Activist investors have seen better days.

In the latest policy shift affecting shareholder activists, new guidance indicates the Securities and Exchange Commission now opposes publishing so-called exempt solicitations from stockholders who don’t have large ownership positions in the companies involved. These documents contain communications between investors, and activists often use them to argue in favor of their preferred positions on matters such as climate change and diversity, equity and inclusion.

Until recently, the SEC published all exempt solicitations on its EDGAR online platform – allowing them to function as a low-cost, high-impact communication tool for activists. The agency now intends to publish solicitations only from shareholders who own at least $5 million of a company’s stock. That effectively eliminates communications from activist investors, who typically hold smaller equity positions in companies. (Notably, SEC staff members previously advised that solicitations should only be submitted to EDGAR if they have already been transmitted to shareholders in other forms.)

The SEC stated in its revised guidance that its staff members had grown concerned that the exempt solicitation filing process was being used “for reasons other than its intended purpose.” The agency said it “appears to be primarily a means to generate publicity,” and build consensus support among similarly situated shareholders. Proponents of exempt solicitations, on the other hand, argue the system gives shareholders with relatively small stakes an opportunity to make their voices heard on key questions of governance and corporate strategy. In effect, exempt solicitations offer them a way to deliver their messages to the institutional investors and proxy advisors with the most sway over votes on shareholder proposals.

“Communications on material issues central to informed investor decision making is the underpinning of our free market system,” said Andy Behar, the chief executive of the prominent shareholder activist organization As You Sow. “Restricting exempt solicitations to the few largest investors harms the core tenets of capitalism — information and trust between corporations and their beneficial owners.”

Critics claim that the current SEC has shown indifference towards shareholder engagement in general, which would fit with the new constraints on exempt solicitations. Meanwhile, it’s difficult to ignore that the SEC’s policy reversal on exempt solicitations comes amid a backlash from some policymakers against efforts to embed environmental, social and governance concerns in the regulatory architecture of the financial system.
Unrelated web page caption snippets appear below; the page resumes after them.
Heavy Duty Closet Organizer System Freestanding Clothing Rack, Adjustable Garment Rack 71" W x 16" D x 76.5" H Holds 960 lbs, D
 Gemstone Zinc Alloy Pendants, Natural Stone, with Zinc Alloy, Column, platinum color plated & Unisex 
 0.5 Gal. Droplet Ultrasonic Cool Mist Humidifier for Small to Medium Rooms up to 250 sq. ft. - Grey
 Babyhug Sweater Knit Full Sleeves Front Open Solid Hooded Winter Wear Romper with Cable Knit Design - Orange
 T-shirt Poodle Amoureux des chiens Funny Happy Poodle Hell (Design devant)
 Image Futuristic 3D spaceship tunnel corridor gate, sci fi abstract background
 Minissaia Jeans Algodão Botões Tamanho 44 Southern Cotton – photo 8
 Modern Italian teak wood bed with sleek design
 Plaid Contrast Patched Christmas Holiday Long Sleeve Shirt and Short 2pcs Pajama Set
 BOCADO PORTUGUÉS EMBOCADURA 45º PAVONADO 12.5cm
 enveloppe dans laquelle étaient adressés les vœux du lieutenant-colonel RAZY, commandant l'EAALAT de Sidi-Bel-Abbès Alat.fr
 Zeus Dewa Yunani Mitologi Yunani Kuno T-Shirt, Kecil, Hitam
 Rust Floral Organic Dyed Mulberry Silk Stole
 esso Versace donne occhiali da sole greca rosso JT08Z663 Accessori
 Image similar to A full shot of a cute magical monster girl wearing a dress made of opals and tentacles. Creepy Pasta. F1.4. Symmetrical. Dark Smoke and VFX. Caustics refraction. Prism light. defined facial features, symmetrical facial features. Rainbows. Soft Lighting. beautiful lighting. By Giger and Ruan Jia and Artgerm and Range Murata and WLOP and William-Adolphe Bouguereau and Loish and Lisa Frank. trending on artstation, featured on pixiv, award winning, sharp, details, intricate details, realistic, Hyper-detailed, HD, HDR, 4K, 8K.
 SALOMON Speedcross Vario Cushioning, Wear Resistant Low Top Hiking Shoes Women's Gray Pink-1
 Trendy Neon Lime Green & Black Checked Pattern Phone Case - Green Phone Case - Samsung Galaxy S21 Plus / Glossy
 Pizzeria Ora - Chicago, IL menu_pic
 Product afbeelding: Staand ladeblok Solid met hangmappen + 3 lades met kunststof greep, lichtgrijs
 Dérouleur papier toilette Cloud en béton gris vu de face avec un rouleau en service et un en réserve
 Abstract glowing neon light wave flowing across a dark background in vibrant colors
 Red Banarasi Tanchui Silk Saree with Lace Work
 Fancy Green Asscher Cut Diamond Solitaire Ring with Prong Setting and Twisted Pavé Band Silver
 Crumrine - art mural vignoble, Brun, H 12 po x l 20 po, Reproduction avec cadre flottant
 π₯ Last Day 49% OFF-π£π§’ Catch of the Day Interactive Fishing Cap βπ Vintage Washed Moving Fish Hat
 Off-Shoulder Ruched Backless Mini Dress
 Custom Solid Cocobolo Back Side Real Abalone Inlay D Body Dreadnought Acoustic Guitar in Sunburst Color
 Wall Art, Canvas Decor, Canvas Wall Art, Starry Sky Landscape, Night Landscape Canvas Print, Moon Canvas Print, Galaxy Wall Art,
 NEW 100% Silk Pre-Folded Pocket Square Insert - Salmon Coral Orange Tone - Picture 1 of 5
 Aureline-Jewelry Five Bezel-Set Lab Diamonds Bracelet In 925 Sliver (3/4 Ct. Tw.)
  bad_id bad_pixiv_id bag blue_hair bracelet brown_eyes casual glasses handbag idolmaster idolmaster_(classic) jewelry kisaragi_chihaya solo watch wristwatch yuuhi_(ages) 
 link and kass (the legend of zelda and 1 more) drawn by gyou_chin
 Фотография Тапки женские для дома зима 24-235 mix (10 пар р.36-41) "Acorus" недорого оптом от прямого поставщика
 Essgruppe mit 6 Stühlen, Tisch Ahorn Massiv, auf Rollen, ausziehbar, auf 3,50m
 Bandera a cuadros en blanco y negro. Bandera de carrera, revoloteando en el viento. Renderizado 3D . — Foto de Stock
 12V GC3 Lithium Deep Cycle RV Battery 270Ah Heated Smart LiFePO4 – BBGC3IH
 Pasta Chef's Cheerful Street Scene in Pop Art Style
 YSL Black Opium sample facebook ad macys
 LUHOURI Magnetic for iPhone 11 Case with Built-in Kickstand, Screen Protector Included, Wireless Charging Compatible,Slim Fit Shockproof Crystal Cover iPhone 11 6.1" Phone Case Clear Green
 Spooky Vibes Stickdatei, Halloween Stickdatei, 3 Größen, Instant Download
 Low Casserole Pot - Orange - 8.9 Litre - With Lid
And note that the SEC has already taken a much-publicized step away from weighing in on companies removing shareholder proposals from their proxy statements.

Ultimately, this latest kerfuffle over exempt solicitations raises philosophical issues about shareholders and their role in corporate governance. Specifically, do stockholders get a say in ESG matters and other matters the agency deems non-essential to governance, simply as a right of ownership, and do companies benefit from exposure to views on these issues originating from outside their C-suites?